Let $$\{e_{1},e_{2},\ldots,e_{n}\}$$ be an $$\mathbb{F}_{q}$$-basis of $$\mathbb{F}_{q^{n}}$$. Equivalently, an $$\mathbb{F}_{q}$$-quadratic map on $$\mathbb{F}_{q^{n}}$$ is a map given by
$$\displaystyle{ F(x) =\sum _{ i=1}^{n}f_{ i}(x)e_{i}. }$$
(1)
where fi(x) is an $$\mathbb{F}_{q}$$-quadratic form on $$\mathbb{F}_{q^{n}}$$. Indeed if $$\{e_{1}^{{\ast}},e_{2}^{{\ast}},\ldots,e_{n}^{{\ast}}\}$$ is the trace-orthogonal basis (see [18]), then
$$\displaystyle{f_{i}(x) = \mathrm{Tr}\left (e_{i}^{{\ast}}\sum _{ i_{1},i_{2}=0}^{n-1}a_{ i_{1},i_{2}}x^{q^{i_{1}}+q^{i_{2}} }\right )}$$
is an $$\mathbb{F}_{q}$$-quadratic form given in (1) for 1 ≤ i ≤ n.
We find it more convenient to represent the $$\mathbb{F}_{q}$$-quadratic map F from $$\mathbb{F}_{q^{n}}$$ to $$\mathbb{F}_{q^{n}}$$ (or $$\mathbb{F}_{q}^{n}$$) as
$$\displaystyle{F(x) = \left [\begin{array}{c} f_{1}(x)\\ \vdots \\ f_{n}(x) \end{array} \right ].}$$
In general, for 1 ≤ r ≤ n, we say that F is an $$\mathbb{F}_{q}$$-quadratic map from $$\mathbb{F}_{q^{n}}$$ to $$\mathbb{F}_{q}^{r}$$ if
$$\displaystyle{F(x) = \left [\begin{array}{c} f_{1}(x)\\ \vdots \\ f_{r}(x) \end{array} \right ].}$$
where $$f_{1}(x),\ldots,f_{r}(x)$$ are $$\mathbb{F}_{q}$$-quadratic forms on $$\mathbb{F}_{q^{n}}$$. Choosing a basis $$\{e_{1},\ldots,e_{n}\}$$ of $$\mathbb{F}_{q^{n}}$$ over $$\mathbb{F}_{q}$$, F can equivalently be considered as an $$\mathbb{F}_{q}$$-quadratic map from $$\mathbb{F}_{q^{n}}$$ to $$\mathbb{F}_{q^{r}}$$ given by
$$\displaystyle{F(x) = f_{1}(x)e_{1} + \cdots + f_{r}(x)e_{r}.}$$

We give an important definition.

### Definition 1.1

For 1 ≤ r ≤ n, let F be an $$\mathbb{F}_{q}$$-quadratic map from $$\mathbb{F}_{q^{n}}$$ to $$\mathbb{F}_{q}^{r}$$. For $$a \in \mathbb{F}_{q^{n}}^{{\ast}}$$, let DF, a be the difference map from $$\mathbb{F}_{q^{n}}$$ to $$\mathbb{F}_{q}^{r}$$ given by
$$\displaystyle\begin{array}{rcl} D_{F,a}(x) = F(x + a) - F(x) - F(a)& & {}\\ \end{array}$$
We call F is perfect nonlinear or $$(q^{n},q^{r})$$-bent if the cardinality of the set
$$\displaystyle\begin{array}{rcl} \{x \in \mathbb{F}_{q^{n}}: D_{F,a}(x) = b\}& & {}\\ \end{array}$$
is equal to qnr for all $$a \in \mathbb{F}_{q^{n}}^{{\ast}}$$ and $$b \in \mathbb{F}_{q}^{r}$$. We also call F is (n, r)-bent if q is clear from the context.
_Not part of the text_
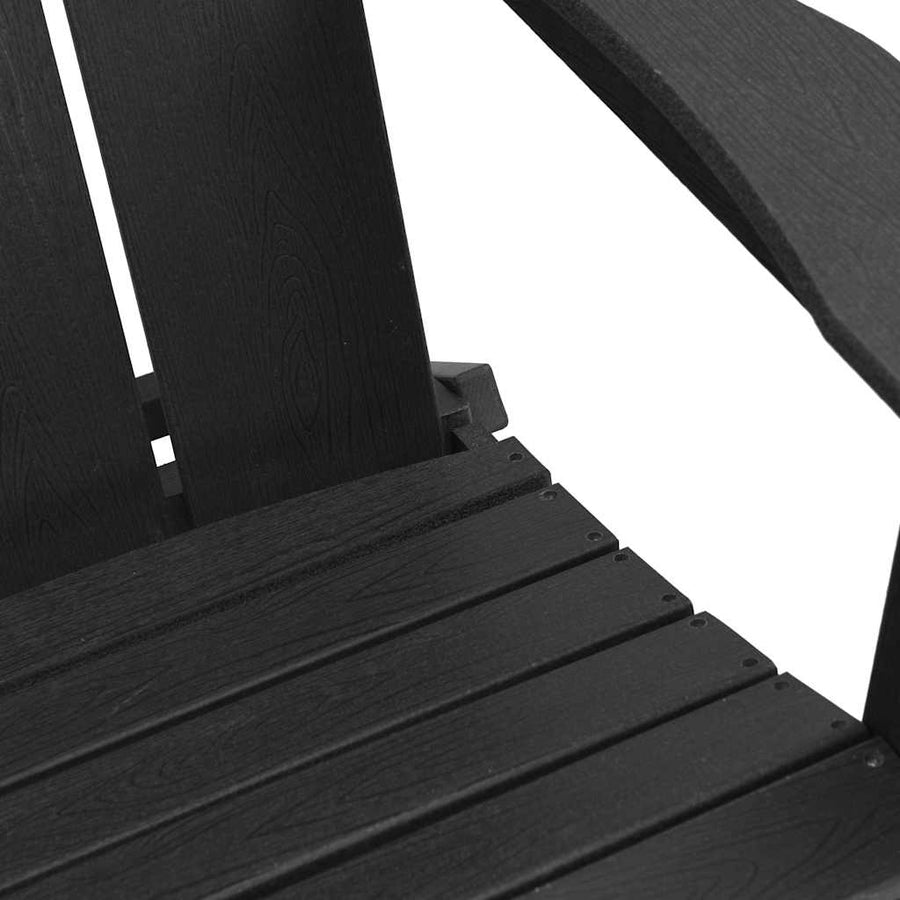 Vouw Adirondack Stoel 80,5 X 74,5 X 92 Cm Hdpe Zwart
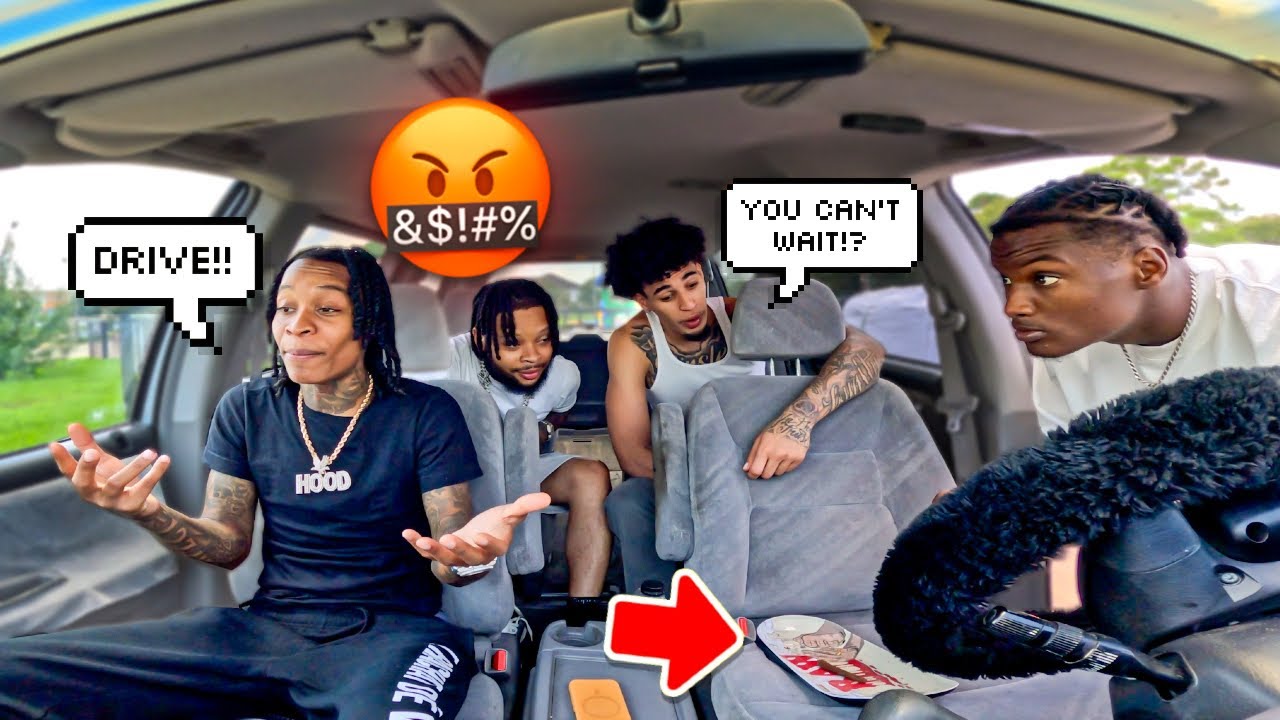 PULLING OVER TO ROLL🍃 IN 100 DEGREE WEATHER PRANK TO GET THE GANG REACTION!😂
Moreover we say that F is planar if n = r and F is bent if r = 1.

### Definition 1.2

For 1 ≤ r ≤ n, let $$\left [\begin{array}{c} f_{1}\\ \vdots \\ f_{r}\end{array} \right ]$$ and $$\left [\begin{array}{c} g_{1}\\ \vdots \\ g_{r}\end{array} \right ]$$ be $$\mathbb{F}_{q}$$-quadratic maps from $$\mathbb{F}_{q^{n}}$$ to $$\mathbb{F}_{q}^{r}$$. We call that $$\left [\begin{array}{c} f_{1}\\ \vdots \\ f_{r}\end{array} \right ]$$ and $$\left [\begin{array}{c} g_{1}\\ \vdots \\ g_{r}\end{array} \right ]$$ are equivalent if there exists an $$\mathbb{F}_{q}$$-linearized permutation polynomial $$L(x) \in \mathbb{F}_{q^{n}}[x]$$ and an invertible r × r matrix [aij] with entries from $$\mathbb{F}_{q}$$ such that
$$\displaystyle{[a_{\mathit{ij}}]\left [\begin{array}{c} f_{1}(L(x))\\ \vdots \\ f_{r}(L(x)) \end{array} \right ] = \left [\begin{array}{c} g_{1}(x)\\ \vdots \\ g_{r}(x) \end{array} \right ]}$$
for all $$x \in \mathbb{F}_{q^{n}}$$.

### Remark 1.3

There are more general notions of equivalence for arbitrary finite fields and more general maps between them: extended affine equivalence and Carlet–Charpin–Zinoviev equivalence [6]. However the equivalence in Definition 1.2 gives the same results if we use these two other equivalence notions for the $$\mathbb{F}_{q}$$-quadratic maps from $$\mathbb{F}_{q^{n}}$$ to $$\mathbb{F}_{q}^{r}$$ in this paper (see [21]).

### Definition 1.4

For 1 ≤ r ≤ n − 1, let F be an $$\mathbb{F}_{q}$$-quadratic (qn, qr)-bent map. We call that F is extendable if there exists an $$\mathbb{F}_{q}$$-quadratic form f on $$\mathbb{F}_{q^{n}}$$ such that the map $$\left [\begin{array}{c} F(x)\\ f(x) \end{array} \right ]$$ is an $$(q^{n},q^{r+1})$$-bent map. Otherwise we call that F is non-extendable.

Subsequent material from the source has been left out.